State Sen. Ken Yager, R-Harriman, has introduced a bill in the Tennessee General Assembly that would both cement the requirement that government entities publish their notices in newspapers of general circulation and ensure that those notices are widely available to everyone who wants to access them.
The bill was drafted by the Tennessee Press Association. It would require newspapers running public notices to also publish those notices on the newspaperís local website, as well as publish them to a state database.
The bill is in response to several years of lobbying by legislative efforts to move public notices to government and/or private websites.
Both purposes of the bill are important. The legislation ensures that public notices — which can include everything from whose property is being annexed by a municipality to who is applying for a permit to open a "beer joint" close to your home to government boards that are going to meet to hash out policies that impact everyone in the community; generally, things the public deserves to know — are available to everyone, even those who do not purchase a newspaper. Those notices will continue to be published by someone independent from local government bodies, which is an important safeguard against abuse of the public notice requirement. And, for the first time, at least in many communities, public notices will become "no purchase necessary" there will be no need to buy a newspaper to read them — although we certainly like it when you do.

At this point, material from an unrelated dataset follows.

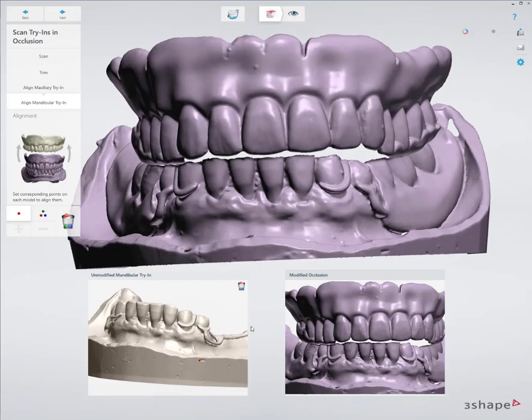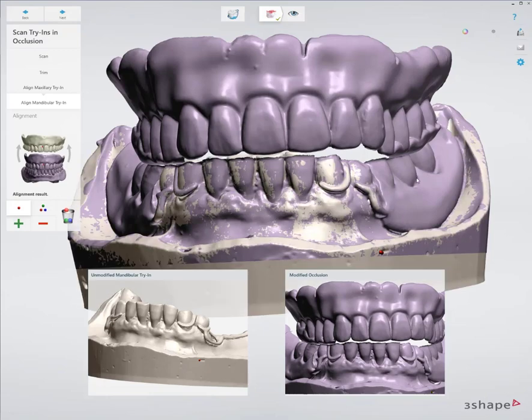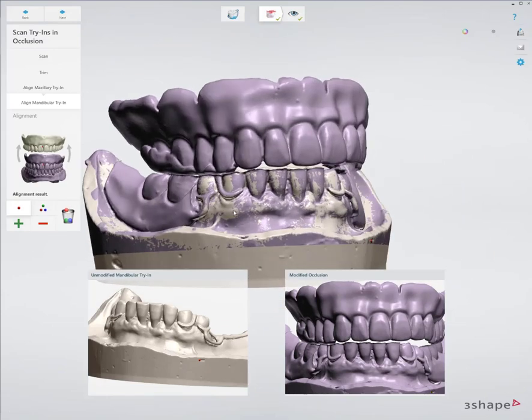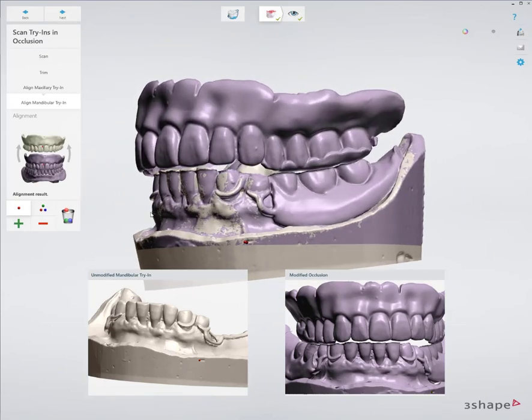And once I have it aligned to the model, I can just click design and my entire design is still there. It just has the new and accurate bite.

Just as importantly, public notices will continue to be consolidated and easy to find. In Scott County there are two newspapers of general circulation; in Fentress and Morgan counties there is just one. On the other hand, there are six county or municipal governing bodies (and their assorted committees) in Scott County, along with four planning commissions, five utility districts and other boards. That does not include the notices to creditors and other notices required by law to be public. If each of those entities were permitted to publish those notices on each of their individual websites, it would become nearly impossible for the average citizen to stay abreast of the things that could impact their life.

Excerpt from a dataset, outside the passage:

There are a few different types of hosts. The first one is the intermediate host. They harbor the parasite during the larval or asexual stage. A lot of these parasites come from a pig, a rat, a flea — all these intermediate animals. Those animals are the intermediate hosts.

Scott County Government currently publishes many of its public notices on its website, www.scottcounty.com. Doing so makes it one of the more transparent county governments in rural Tennessee, and more local governments should follow suit. But it still isn't an ideal solution. Yager's legislation is.
We have taken the preemptive measure of publishing public notices on our website, www.ihoneida.com, which would fulfill one of the additional requirements should the legislation currently before the General Assembly become law. While parts of our website will be restricted to subscribers beginning March 1, paid access will not be required to access the public notices.
The public's right to know is vitally important. Newspapers and lawmakers, working together, can help protect that right.